Dall’inizio della pandemia Covid-19 ad oggi, in Kenya si sono registrati 32 morti. Ma il diffondersi del virus ha coinciso “con le prime piogge, inizio di una violenta stagione che ha già causato inondazioni, frane, crolli con oltre 200 morti e 230mila sfollati”.

A raccontare gli innumerevoli danni provocati dalle avverse condizioni meteo, è padre Kizito Sesana, in una lettera aperta pubblicata anche sul suo profilo facebook.

“Centinaia di pescatori che abitavano sulle isole del Lago Vittoria, secondo al mondo per superficie, sono stati evacuati con le loro famiglie perché l’alzarsi del livello delle acque le sta sommergendo”, scrive.

Nel distretto agricolo di Mwewa oltre 3.200 ettari di riso ormai pronto al raccolto sono andati perduti.

“Oggi l’area che comprende anche una vasta parte di Etiopia e Sud Sudan sta subendo un’invasione di locuste, la peggiore degli ultimi 70 anni, e ancora non si sa come si evolverà.

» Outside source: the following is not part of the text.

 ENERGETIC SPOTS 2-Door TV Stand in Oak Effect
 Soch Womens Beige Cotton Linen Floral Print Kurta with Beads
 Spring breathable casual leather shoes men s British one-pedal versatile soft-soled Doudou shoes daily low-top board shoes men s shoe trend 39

Nonostante tentativi di controllo con aerei che irrorano insetticidi sugli sciami, sembra addirittura che in questi giorni ci sia una pausa solo perché stanno deponendo le uova”.

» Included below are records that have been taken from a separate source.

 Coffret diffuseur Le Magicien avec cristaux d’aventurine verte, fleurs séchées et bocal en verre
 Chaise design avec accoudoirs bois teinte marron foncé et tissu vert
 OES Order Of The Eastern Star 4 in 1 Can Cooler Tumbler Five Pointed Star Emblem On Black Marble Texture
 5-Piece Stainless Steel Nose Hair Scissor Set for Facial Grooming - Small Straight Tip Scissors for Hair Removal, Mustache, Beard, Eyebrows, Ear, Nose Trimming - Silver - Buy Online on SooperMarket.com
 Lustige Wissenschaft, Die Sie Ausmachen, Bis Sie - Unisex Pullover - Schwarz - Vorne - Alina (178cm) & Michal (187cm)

Questo breve elenco di fatti, argomenta padre Kizito, “potrebbe iniziare a spiegare perché il Covid-19 non fa poi cosi tanta paura in Kenya, e generalmente in Africa. Qui i disastri, naturali o causati dall’insipienza e dall’avidità umana, si susseguono senza sosta. Aggravati dallo sconsiderato, criminoso sfruttamento delle risorse naturali che le compagnie internazionali hanno accelerato negli ultimi decenni”.

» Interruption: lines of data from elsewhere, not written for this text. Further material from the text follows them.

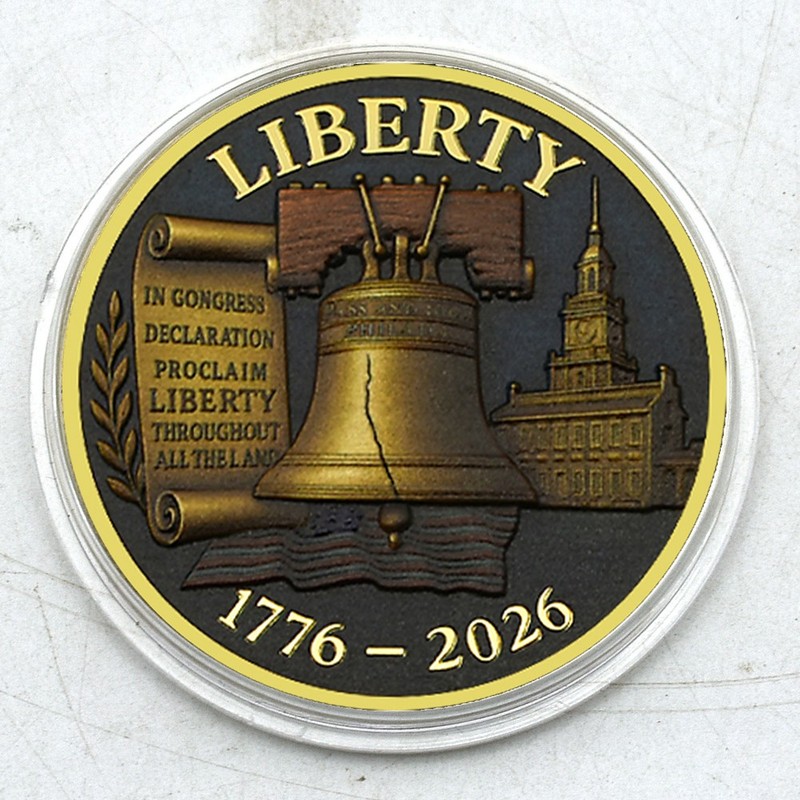 1776-2026 Liberty Bell & Eagle Golden Challenge Coin Independence Day Medal gallery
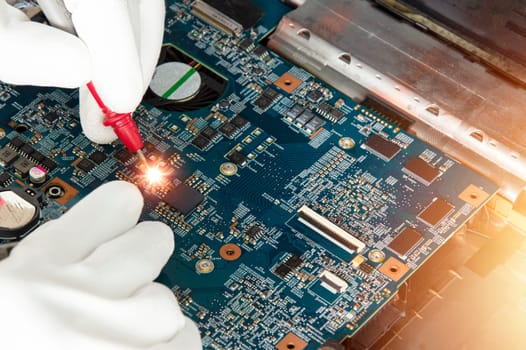 Photo corner, CPU, computer motherboard, electronic motherboard repair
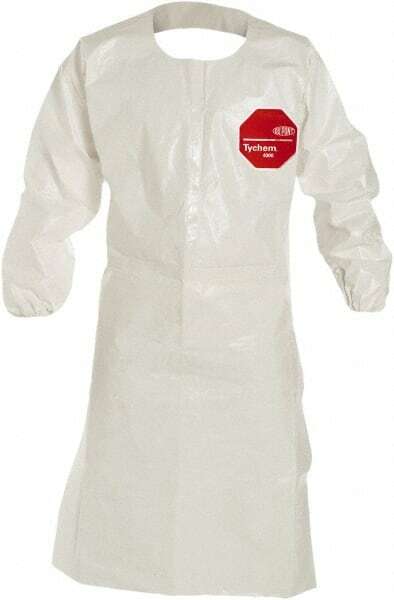 Dupont Chemical Resistant Coat Apron 44" Long White 2XL Qty 25 SL275TWH2X002500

Come fanno gli africani a sopportare il susseguirsi di tante disgrazie? Si domanda ancora il missionario. Si tratta di fatalismo, di fede o di qualcos’altro?

“Le generalizzazioni sono sempre pericolose – scrive – ma se fatalismo significa abbandonarsi al destino, subendolo senza reagire, credo che sia un atteggiamento alieno all’animo umano in ogni parte del mondo e in ogni cultura. Qui in Africa in modo particolare. Bisognerebbe essere ciechi, o accecati dai pregiudizi, per non vedere la grande voglia di impegnarsi per la vita”.

Padre Kizito dice di vederlo “nei ragazzi più grandi riscattati dalla strada due settimane fa. I primi giorni sono stati facili, ma poi sono arrivate le crisi di astinenza, le crisi di autostima, sono ritornati gli incubi vissuti sulla strada in condizioni quasi subumane”.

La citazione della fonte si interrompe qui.